What the exercise asks =>
Character for character, transcribe the entries below, minus the images.

-- Dataset records follows --

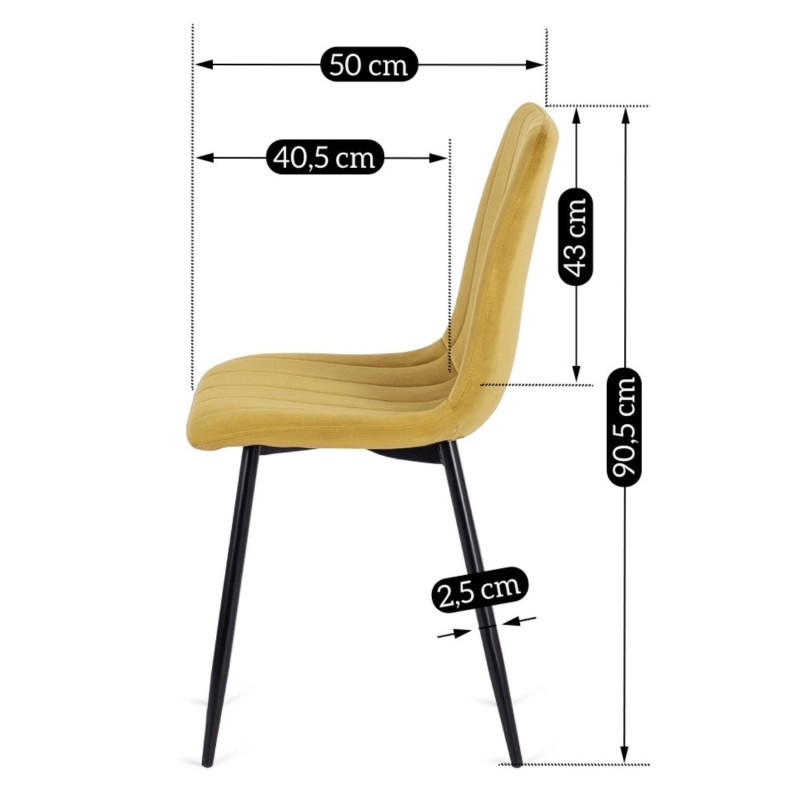 Стул обеденный MEBEL ELITE Lava горчичный велюр
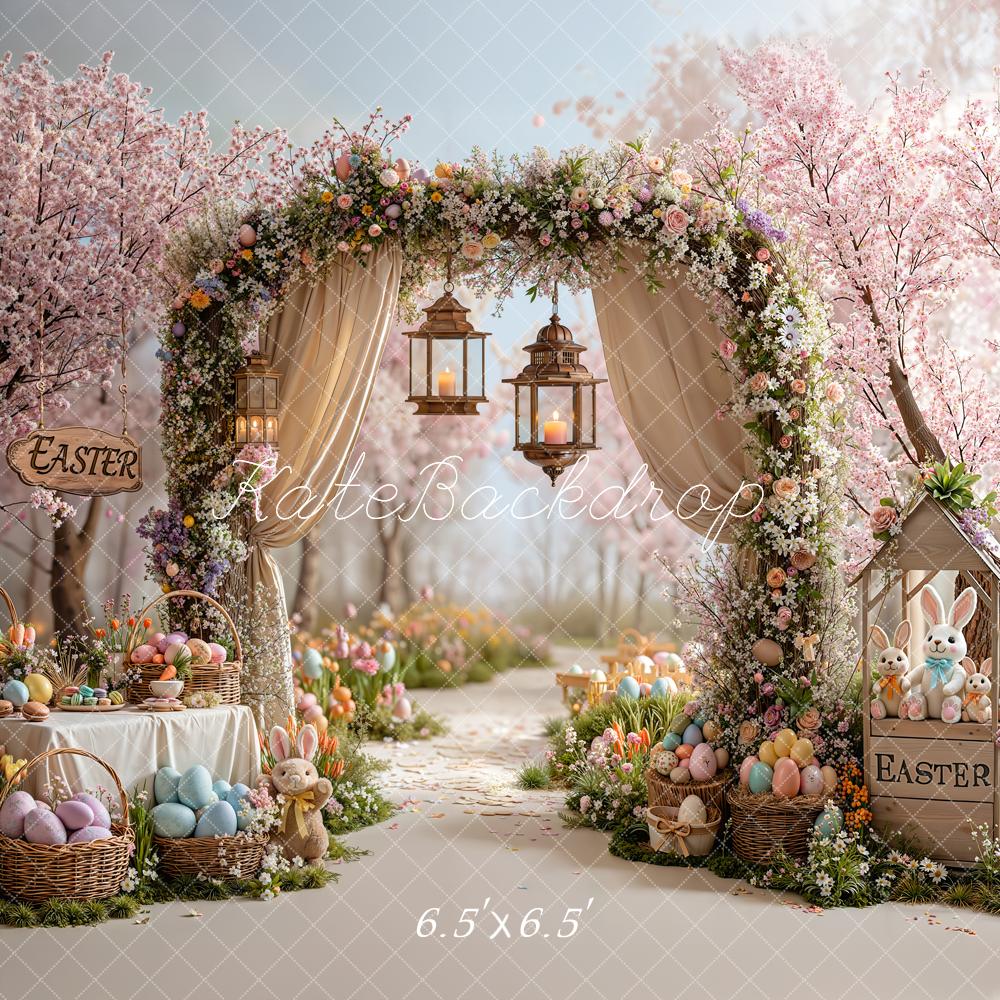Kate Easter Bunny Flower Arch Cherry Blossom Eggs Backdrop Designed by Emetselch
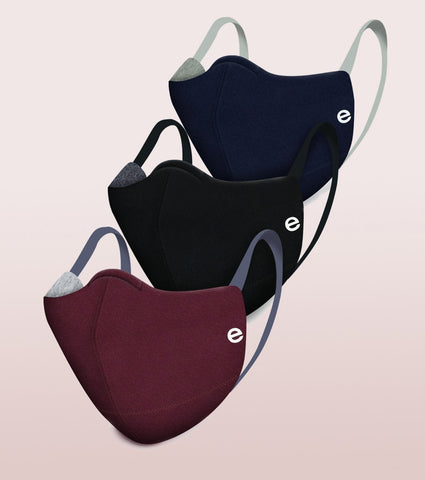 REVERSIBLE MASK : 4-Layer Safety Mask With Cotton | >95% Protection | Adult Mask - Pack of 3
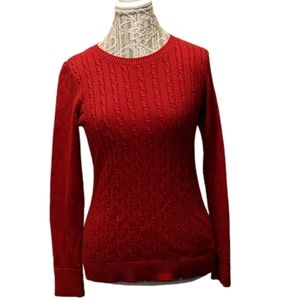 Talbots Christmas Red Cable Sweater Sz M Pullover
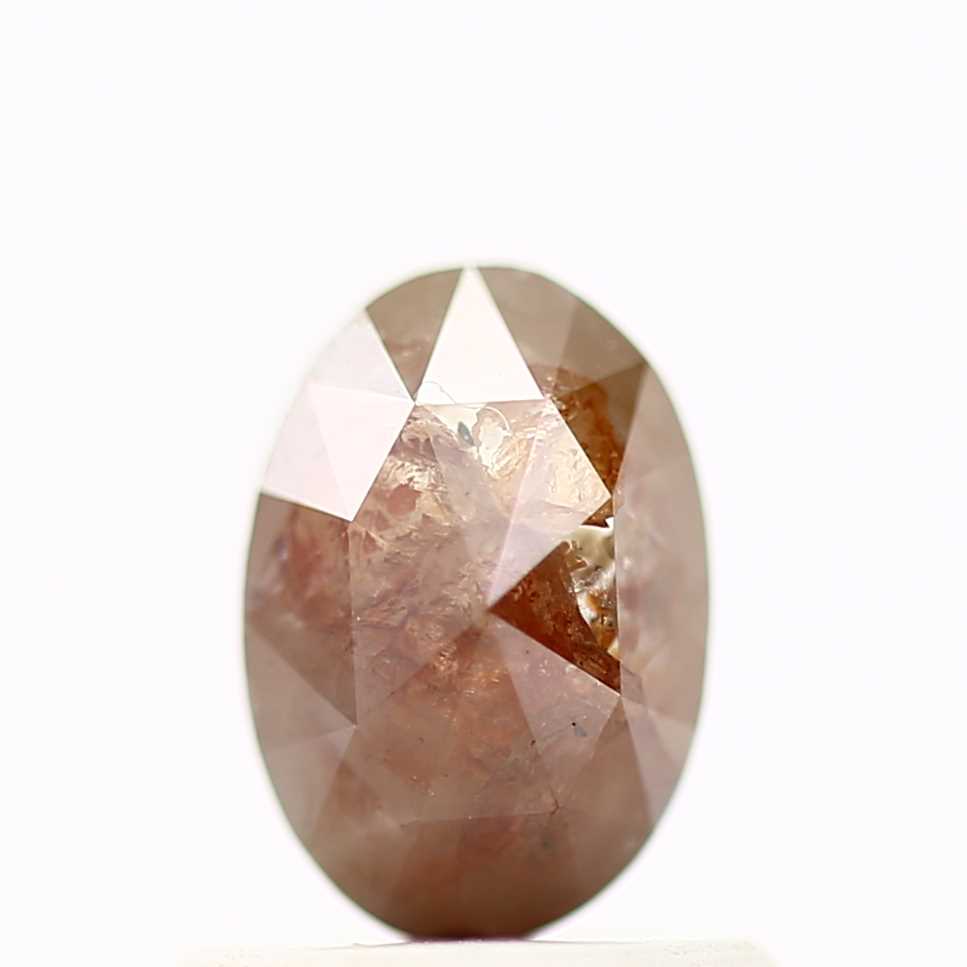0.94 Carat Orange Oval Rose Cut Natural Loose Diamond 6.22 MM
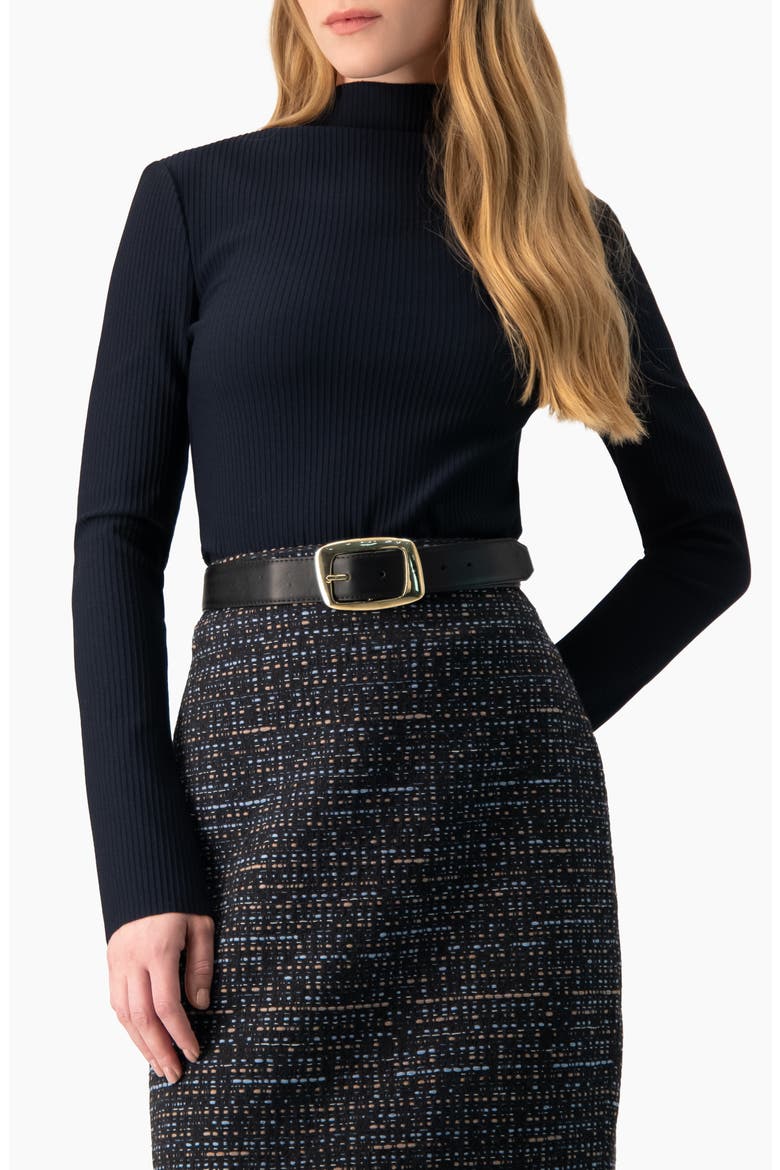 Long Sleeve High-Neck Ribbed Blouse, Main, color, Navy Blue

-- Dataset records concluded --

Result for this task =>
 Стул обеденный MEBEL ELITE Lava горчичный велюр
Kate Easter Bunny Flower Arch Cherry Blossom Eggs Backdrop Designed by Emetselch
 REVERSIBLE MASK : 4-Layer Safety Mask With Cotton | >95% Protection | Adult Mask - Pack of 3
 Talbots Christmas Red Cable Sweater Sz M Pullover
0.94 Carat Orange Oval Rose Cut Natural Loose Diamond 6.22 MM
 Long Sleeve High-Neck Ribbed Blouse, Main, color, Navy Blue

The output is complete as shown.